### Work instructions
Only an exact copy is wanted: the lines from the one holding "2022 TOYOTA CAMRY" through the last line below, minus the pictures.

### Data for this task
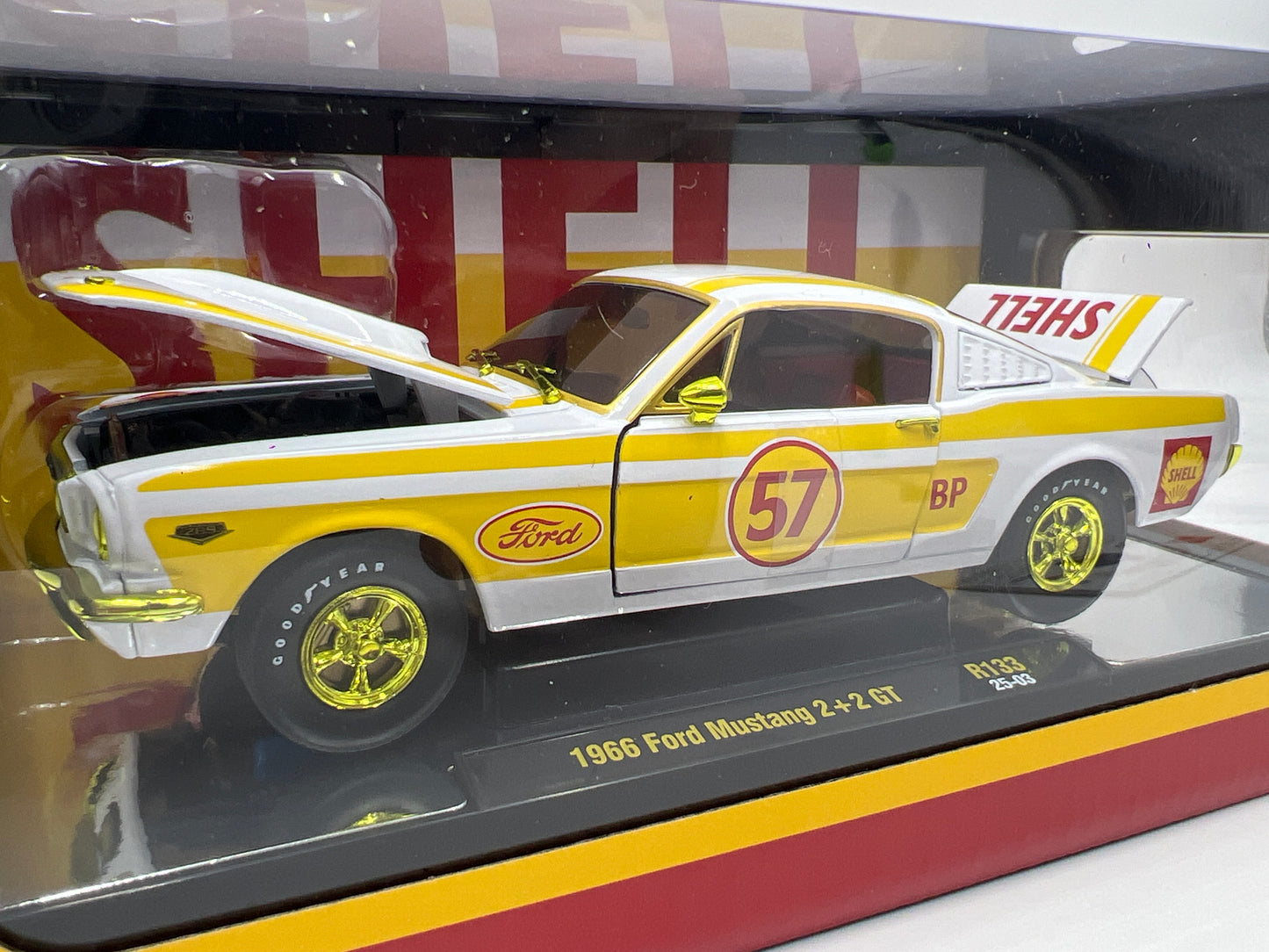 M2 Machines 1/24 CHASE Shell 1966 Ford Mustang 2+2 GT White/Yellow R133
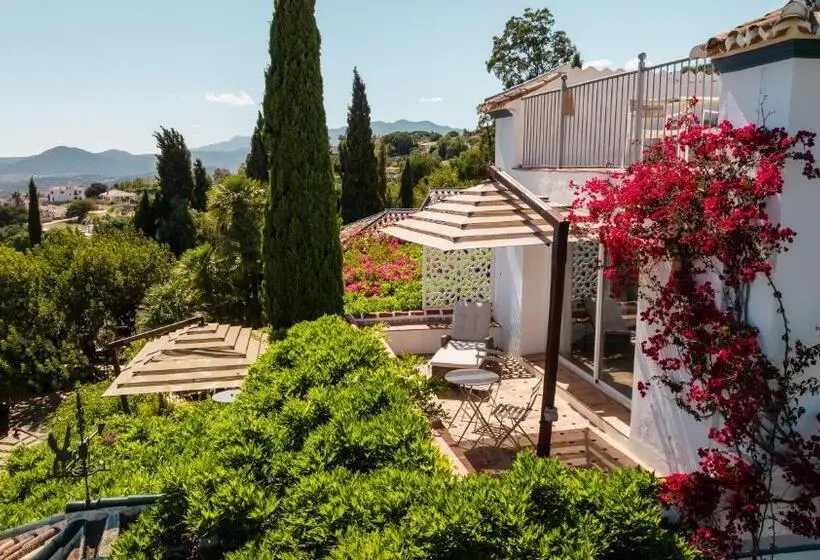 اتاق لوکس با چشم‌انداز دریا, Casablu   An Andalusian Boutique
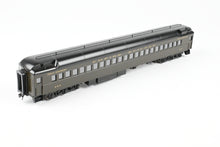 Load image into Gallery viewer, HO Brass CON Oriental Limited GN - Great Northern Modernized Heavyweight First Class Coach CP No. 960 1935 Empire Builder
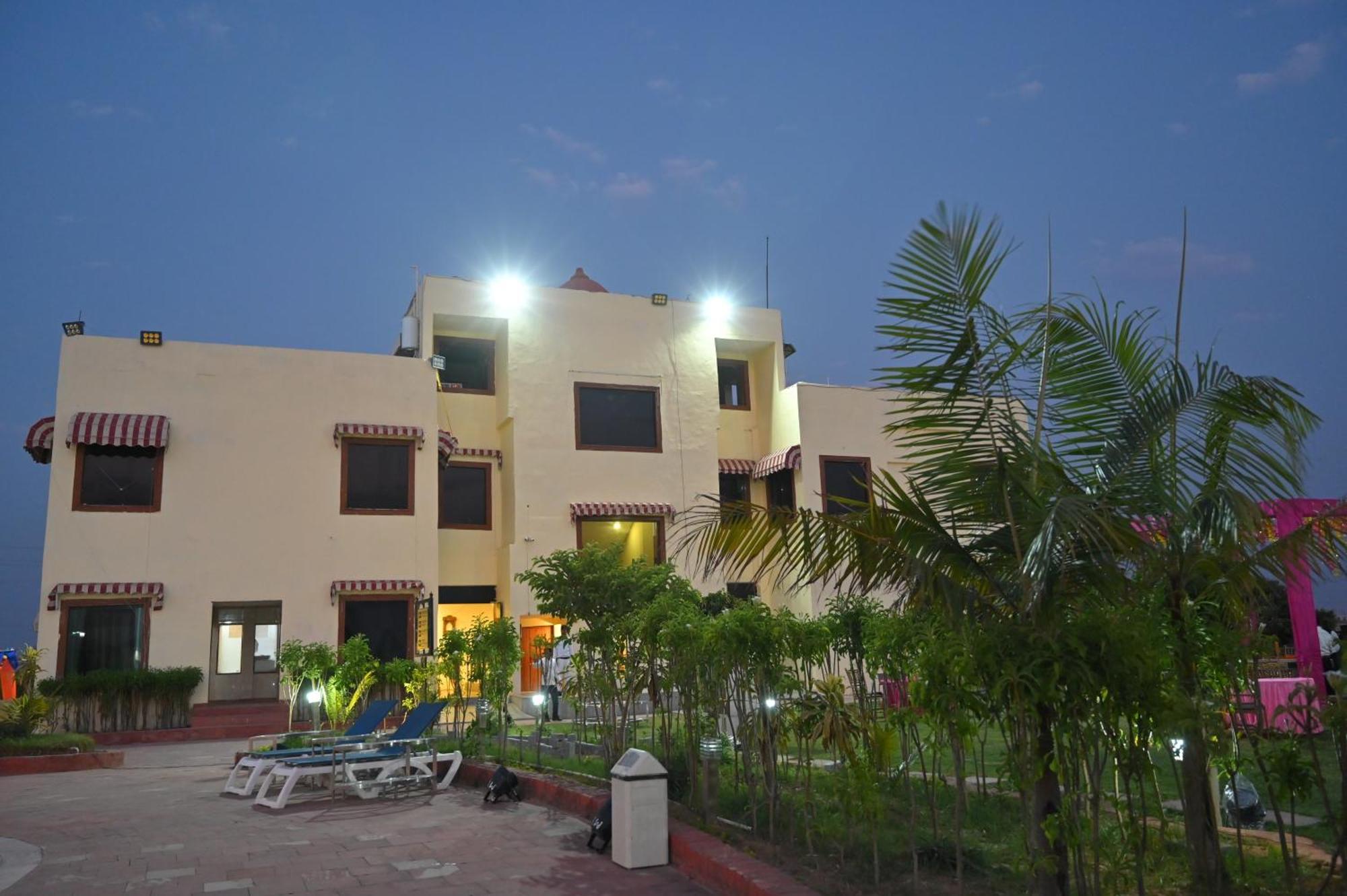 Orchha Club And Resort - Ocr Luaran gambar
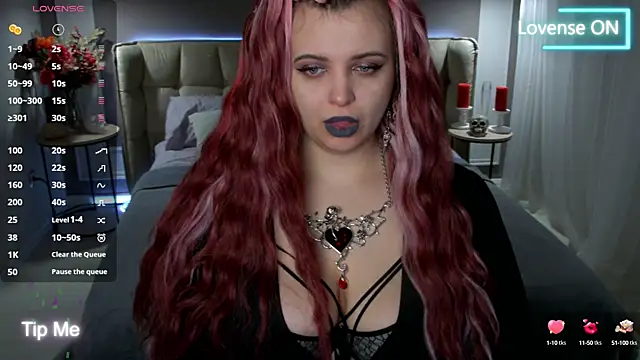 Miss Maya Mils online show from 03.01.25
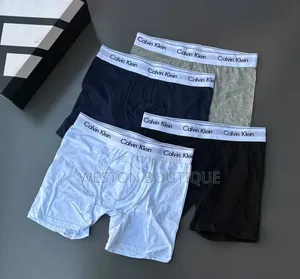 Boxers Available Calvin Klein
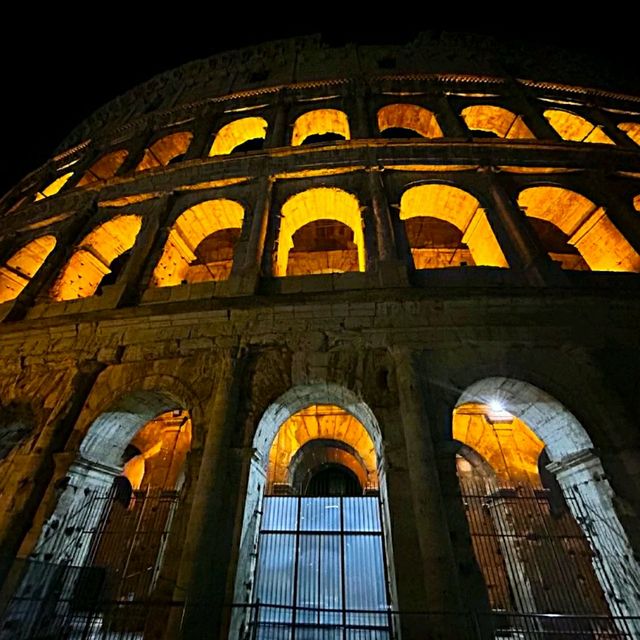 @ THE COLOSSEUM IN ROME!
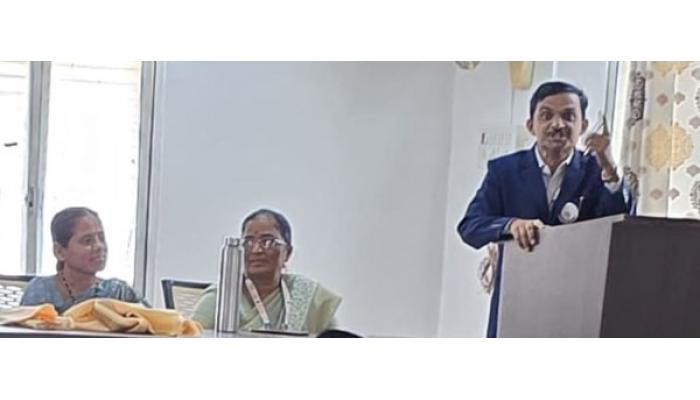 प्रशासन समाज सौहार्द दृढ होण्याची गरज - यशेंद्र क्षीरसागर; निबंध आणि कविता स्पर्धेचे बक्षीस वितरण उत्साहात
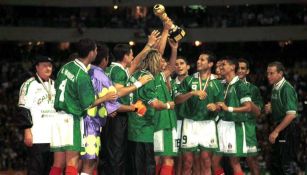 Tri de 1999 festeja el triunfo en la Copa Confederaciones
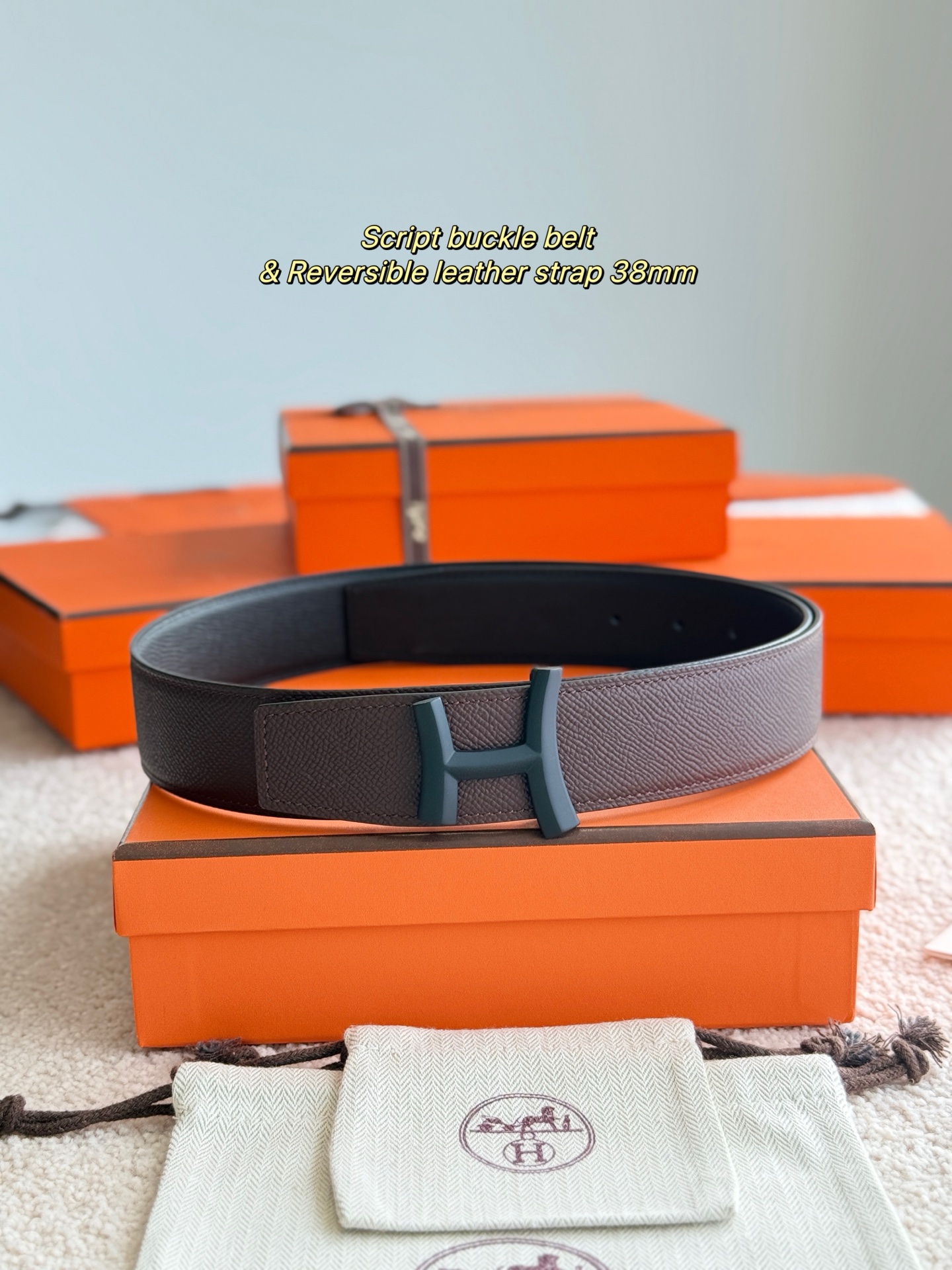 Hermes-브러쉬 처리된 페르마브라스벨트 38mm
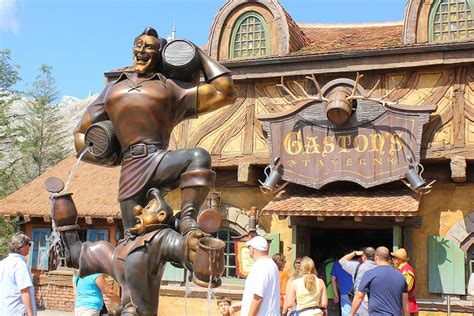 9 Best Restaurants at Disney’s Magic Kingdom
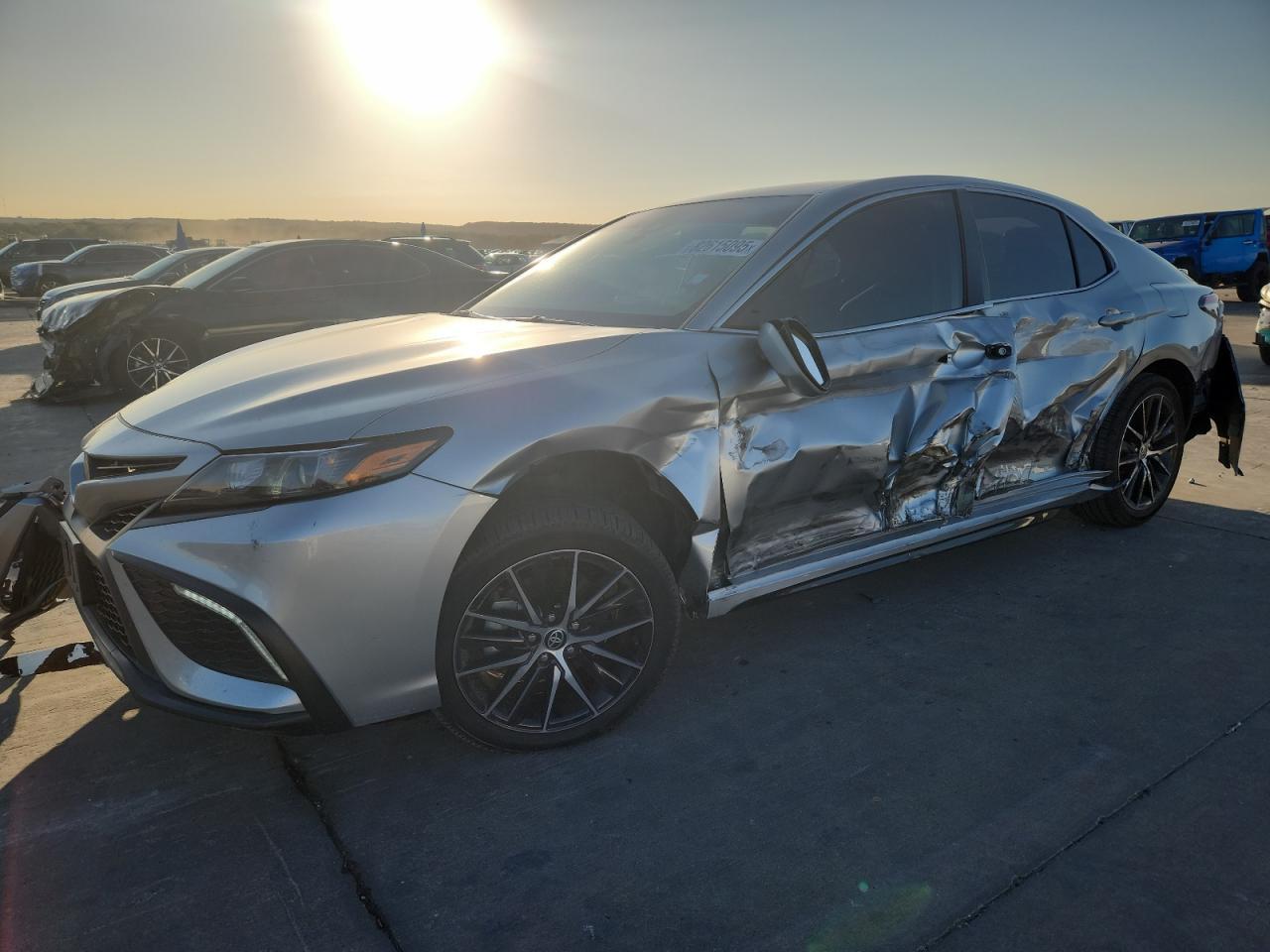 2022 TOYOTA CAMRY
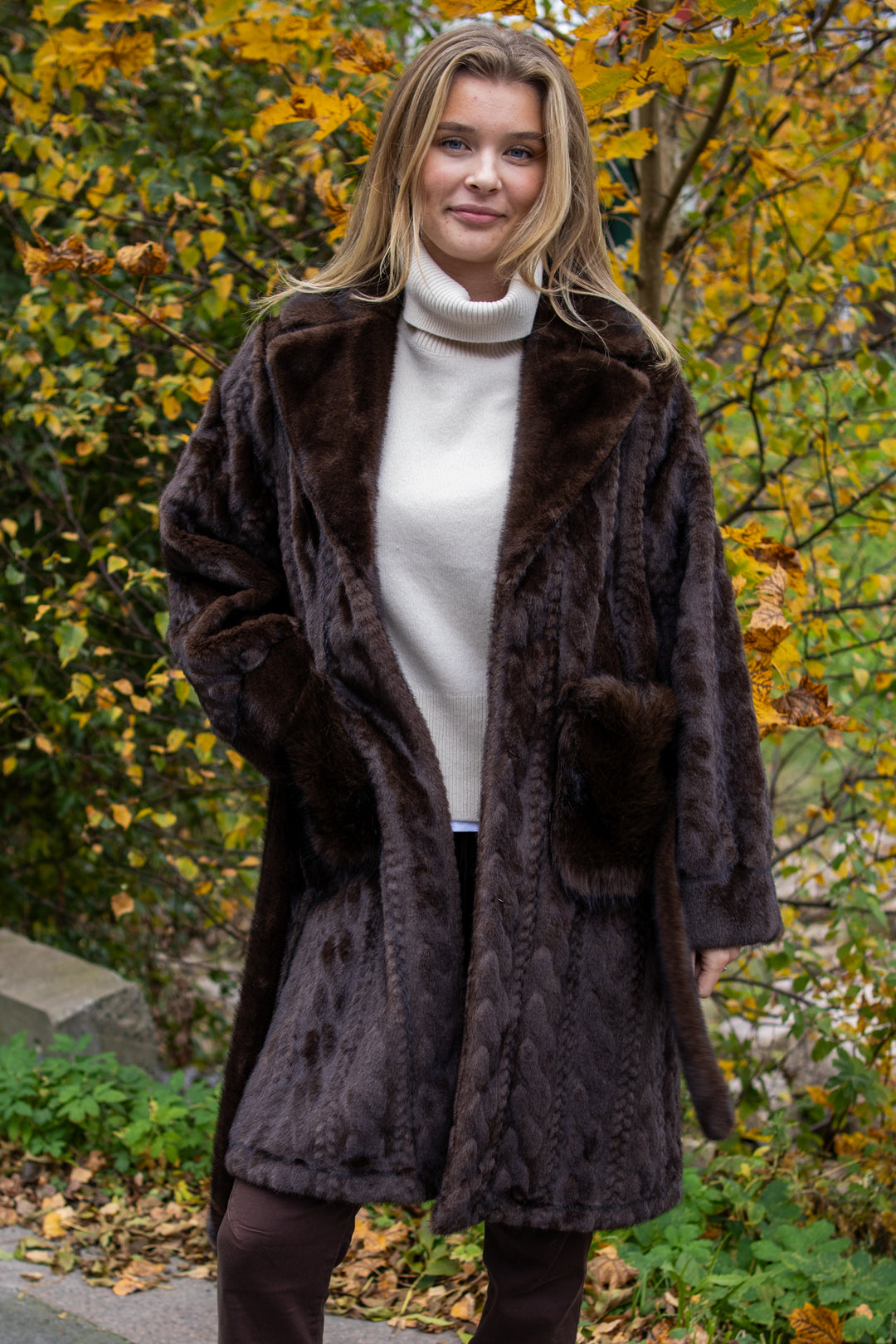 aspen fuskepels - mørk brun - Yttertøy - Helt Dilla AS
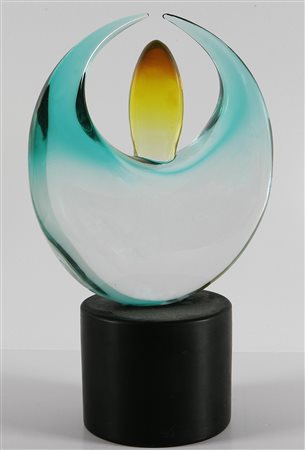 SIGNORETTO PINO (n. 1944) Scultura astratta. Vetro. Cm 29x46x17. Certificato...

### Answer area
 2022 TOYOTA CAMRY
 aspen fuskepels - mørk brun - Yttertøy - Helt Dilla AS
 SIGNORETTO PINO (n. 1944) Scultura astratta. Vetro. Cm 29x46x17. Certificato...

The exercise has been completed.